PrimeMinister Justin didn’t really run as someone who stood FOR much of anything … except for some sort of “hope” for a vague, undefined “change.” He really ran on the basis that he was not Prime Minister Harper, who his party and the (quite large) Liberal friendly parts of the media had painted as some sort of monster. Truth to tell, most Canadians didn’t really dislike many of Prime Minister Harper’s policies, although some (many?) felt uncomfortable with the man, himself ~ especially in contrast to M Trudeau, who is something of a rock star. The simple fact was that after 8+ years in office most Canadians were tired of Stephen Harper. We have, unconsciously ~ as we so very often do ~ adopted another Americanism: fixed terms for the chief executive.

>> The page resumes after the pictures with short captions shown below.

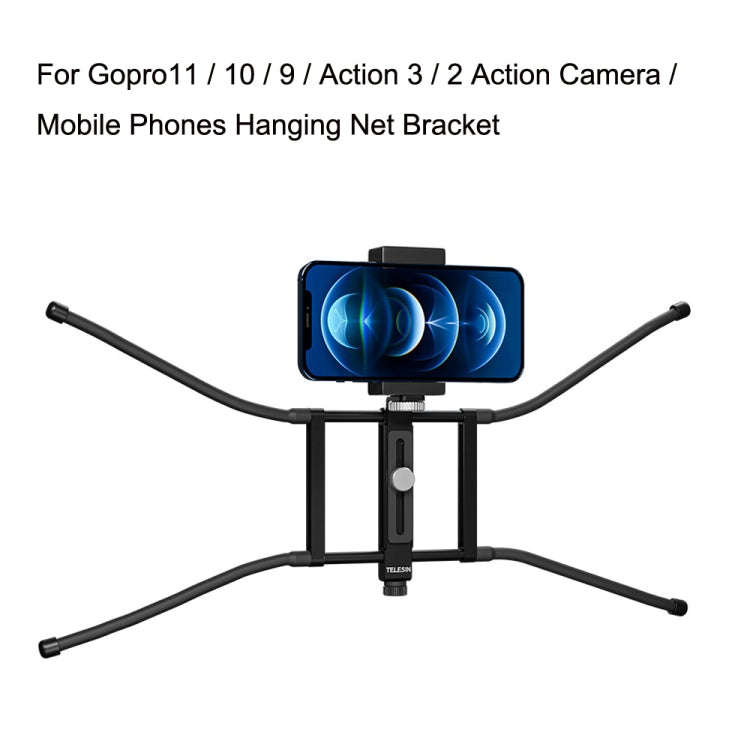 TELESIN TE-FM-001 Action Camera Hanging Net Bracket For  Gopro HERO11 Black / HERO10 Black / HERO...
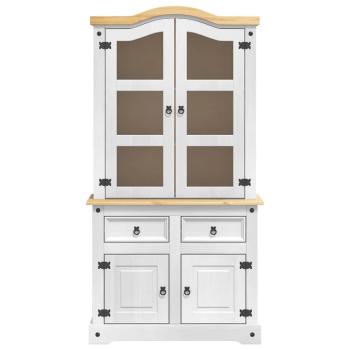 Sideboard Weiß 100 x 48,5 x 179 cm Massives Kiefernholz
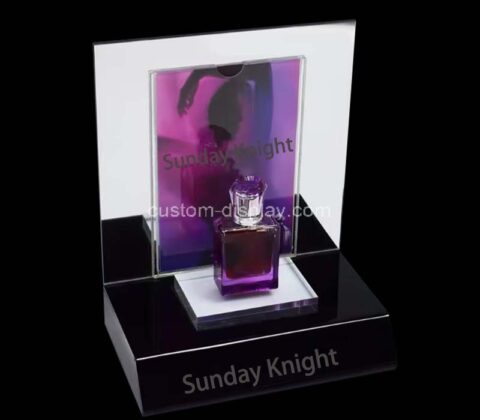 Wholesale custom acrylic LED perfume display prop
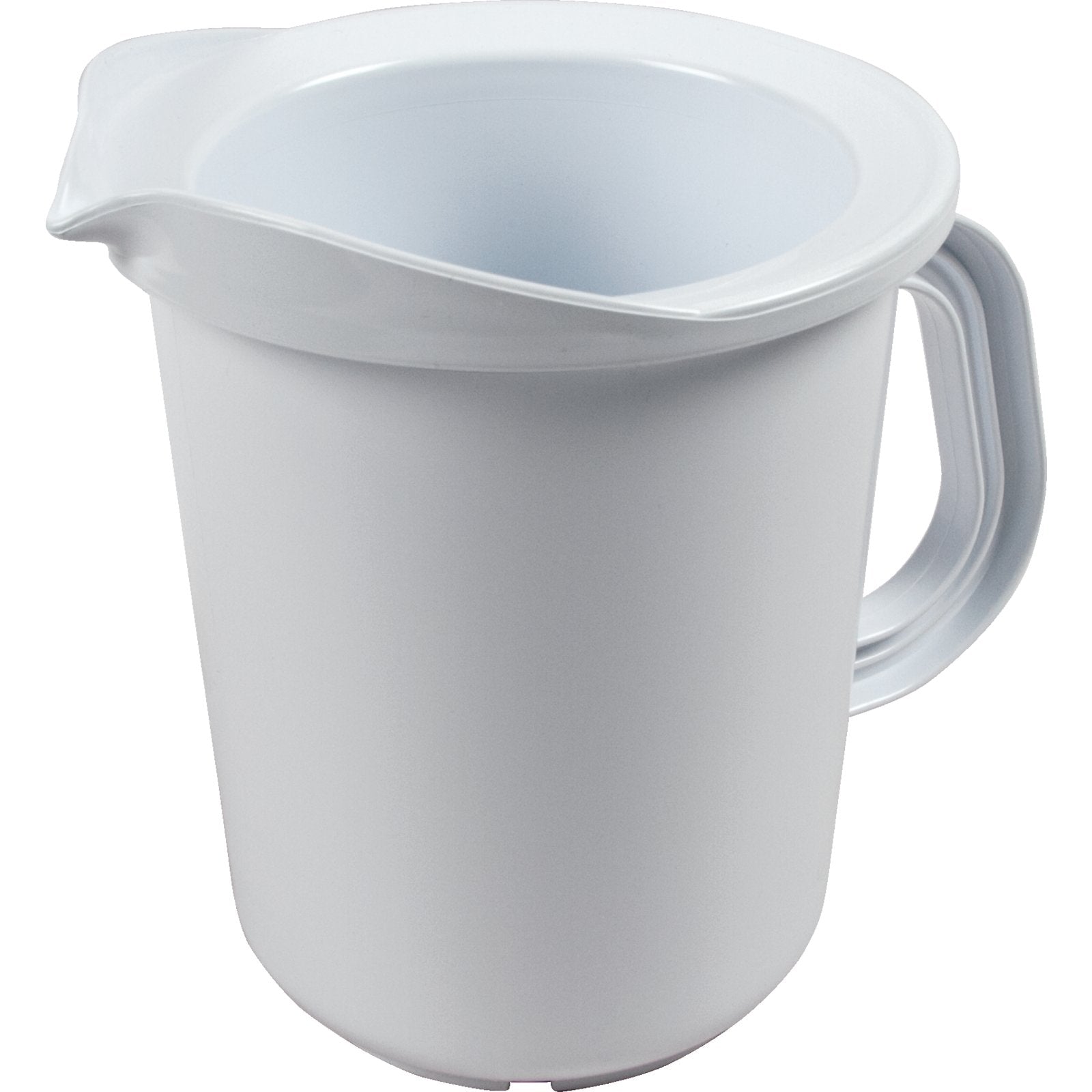 San Jamar CI7025 White Chill-It Beverage Pitcher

Anyway, since the Liberals came to power mostly on wishy-washy promises of “Sunny Ways” they don’t have too many absolutes … except in matters of defence. The Liberal campaign was quite specific on a number of defence related issues, and they were, again, more ‘negative’ ~ that is to say anti-Stephen Harper ~ than ‘positive’ promises; they included:
- Stop “whipping out or CF-18s” to show how big we are ~ in other words retreat away from war-fighting, no matter who the enemy might be;
- Return to Pearsonian, baby-blue beret style peacekeeping ~ even if that has been dead and buried for a generation, replaced by a more ‘robust’ sort of peace enforcement regime;
- Stop the project to buy F-35, in fact, specifically, not buy F-35s.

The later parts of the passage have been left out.